# The two stroke engine



## ScoobyTT (Aug 24, 2009)

Which absolute _WANKER _invented this? And which absolute WANKERS design bikes and devices that use them and think "yeah, that sounds LOVELY! NO need to improve that"? And which _absolute fucking knob-jockeys_ buy a two stroke bike and think "I know, I can make it sound really powerful if I take the baffles out"?

Mopeds: Shove your pissant buzzing noise machine up your arse! Ideally with a selection of walnuts. How can something that produces such an aural abomination go so fucking slowly?

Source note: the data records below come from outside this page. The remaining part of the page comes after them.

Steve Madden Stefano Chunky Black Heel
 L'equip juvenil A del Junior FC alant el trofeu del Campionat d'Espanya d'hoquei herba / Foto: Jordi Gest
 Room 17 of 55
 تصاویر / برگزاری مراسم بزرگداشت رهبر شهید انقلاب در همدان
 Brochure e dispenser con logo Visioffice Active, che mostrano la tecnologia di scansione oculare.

125s: Oh just fuck off. It's not big. It's not clever.

125s who sit behind you at lights flicking the accelerator: you're not going anywhere so SHUT THE FUCK UP!

Manufacturers of the above: MAKE THEM QUIET YOU ASSHOLES!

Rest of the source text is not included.